Task directions: Return the data word for word. Pictures are to be omitted.
***** Input data
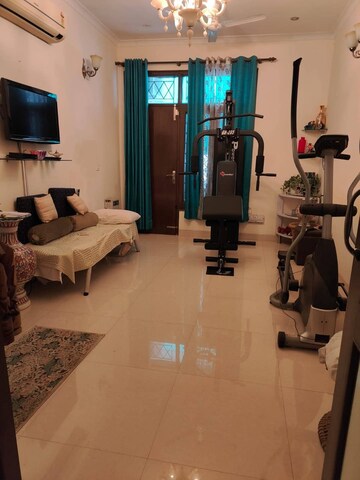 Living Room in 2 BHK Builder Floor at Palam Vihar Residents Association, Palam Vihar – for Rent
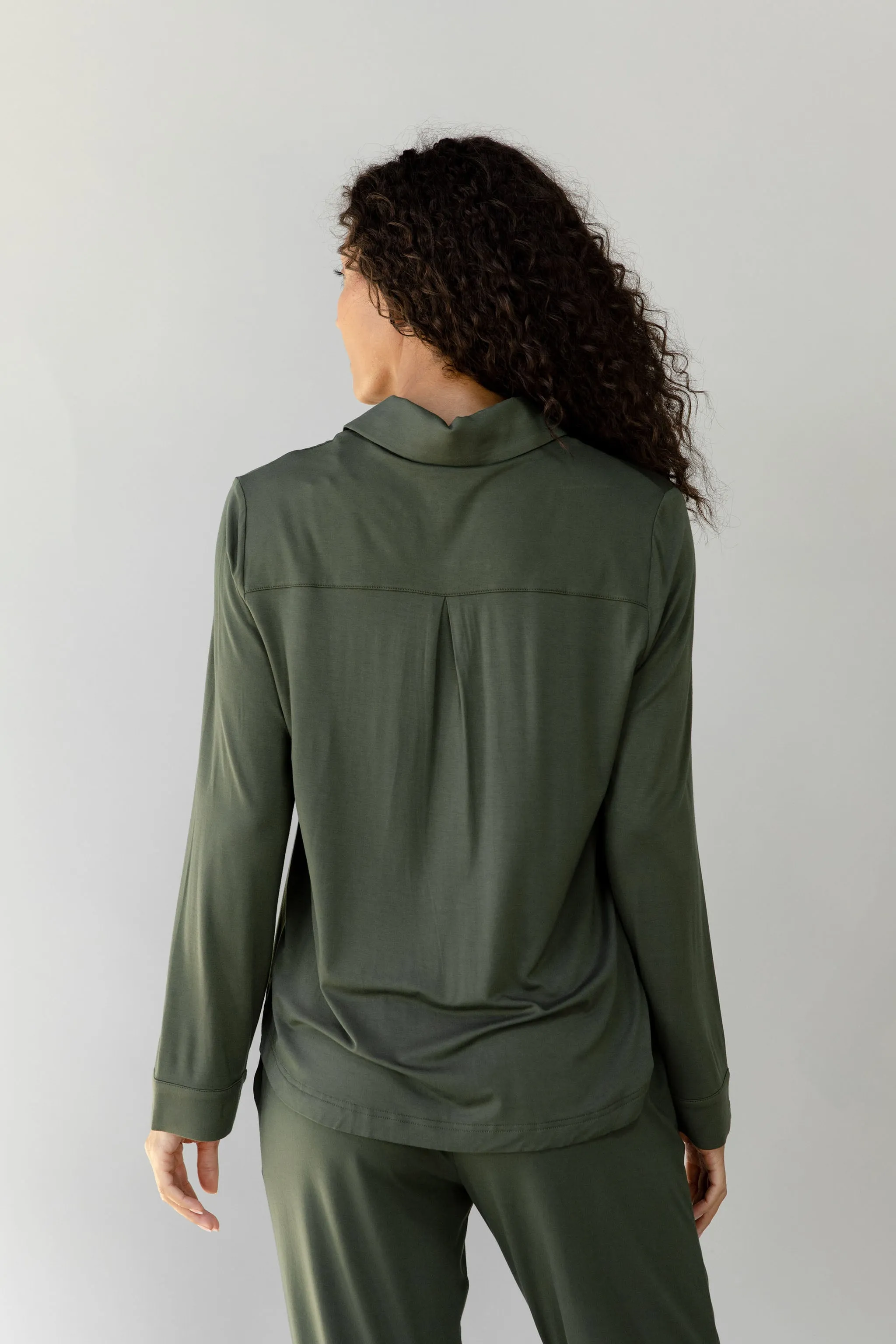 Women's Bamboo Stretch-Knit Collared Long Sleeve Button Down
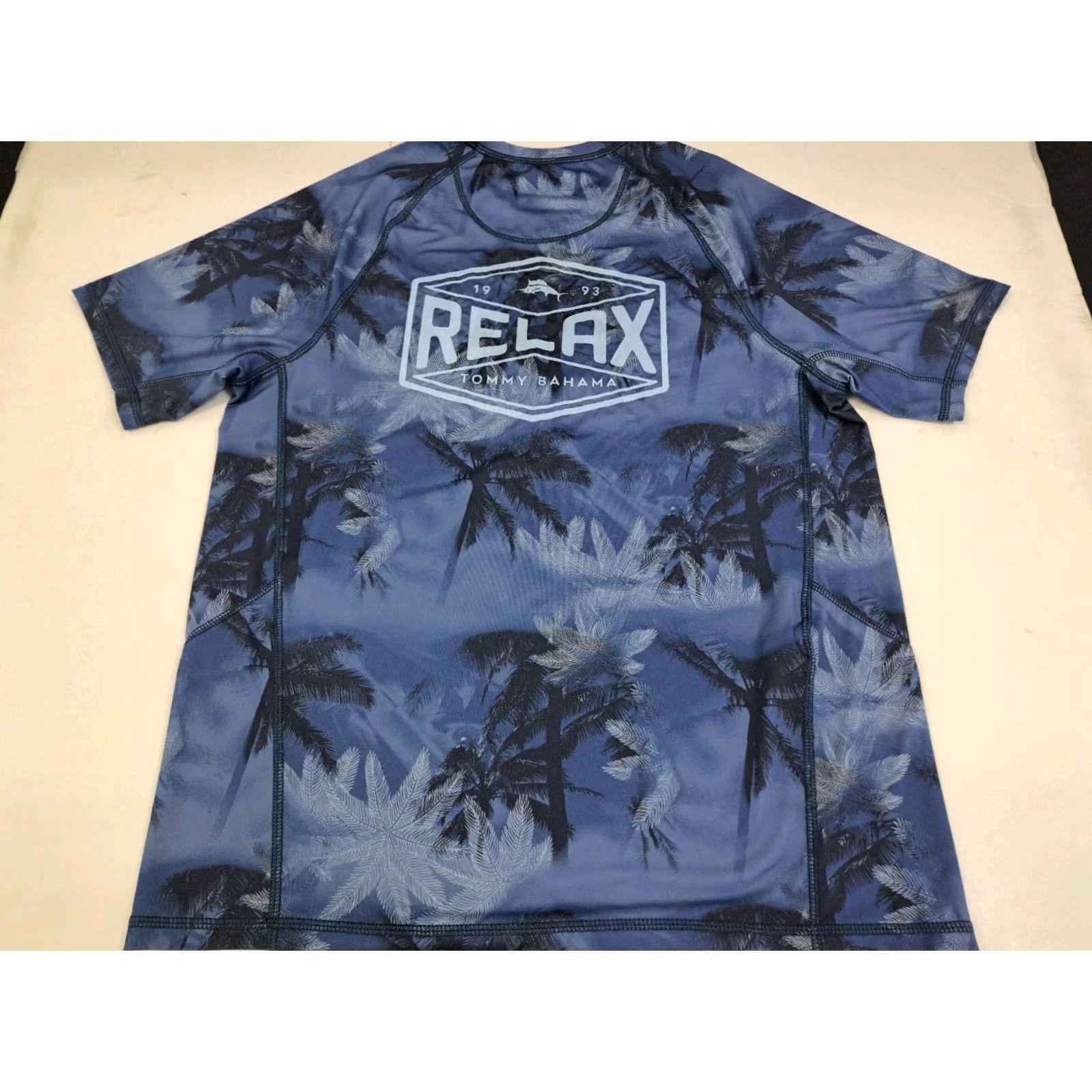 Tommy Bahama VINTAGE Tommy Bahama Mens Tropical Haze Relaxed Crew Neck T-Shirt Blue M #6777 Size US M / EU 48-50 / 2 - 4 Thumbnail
**********
Finished task:
 Living Room in 2 BHK Builder Floor at Palam Vihar Residents Association, Palam Vihar – for Rent
 Women's Bamboo Stretch-Knit Collared Long Sleeve Button Down
 Tommy Bahama VINTAGE Tommy Bahama Mens Tropical Haze Relaxed Crew Neck T-Shirt Blue M #6777 Size US M / EU 48-50 / 2 - 4 Thumbnail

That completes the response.